* [Task brief]
Everything from the line with "Carlomar logo" to the line with "Foulees_du_Castor2026/2026FCASTOR01522.JPG" in the listing below, both lines included, needs to be copied exactly, apart from the pictures.

* [Data records]
- - - -

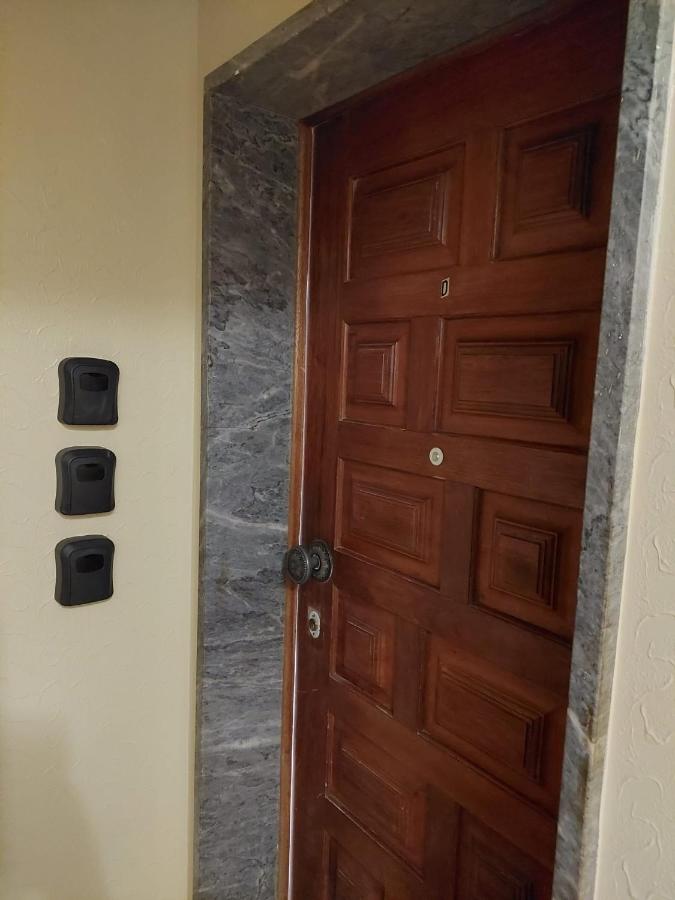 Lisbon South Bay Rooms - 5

- - - -

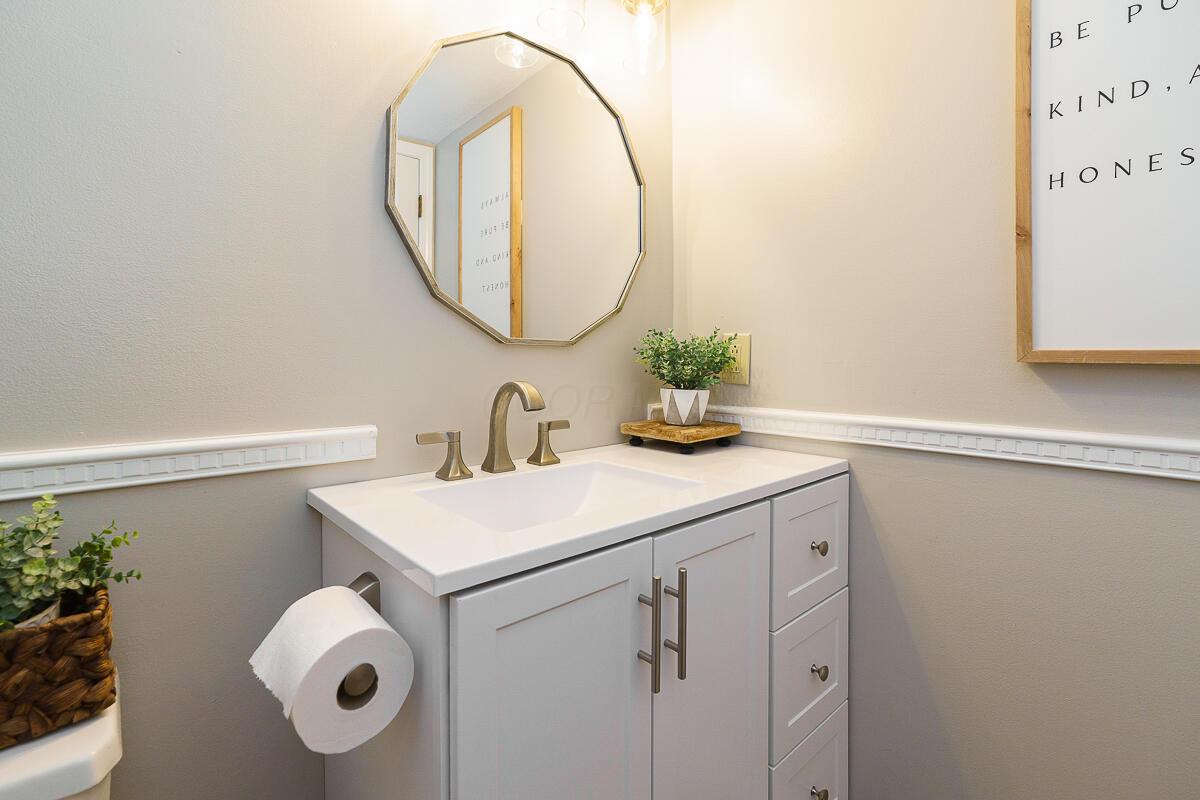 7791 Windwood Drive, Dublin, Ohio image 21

- - - -

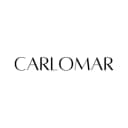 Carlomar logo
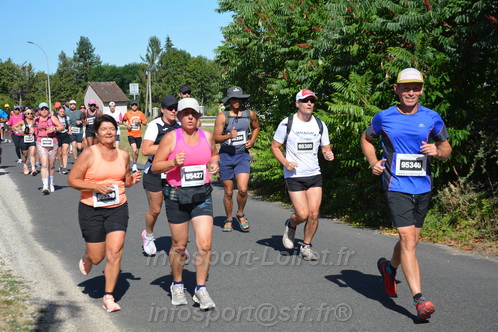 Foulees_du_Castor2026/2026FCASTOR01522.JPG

- - - -

* [Written response]
 Carlomar logo
 Foulees_du_Castor2026/2026FCASTOR01522.JPG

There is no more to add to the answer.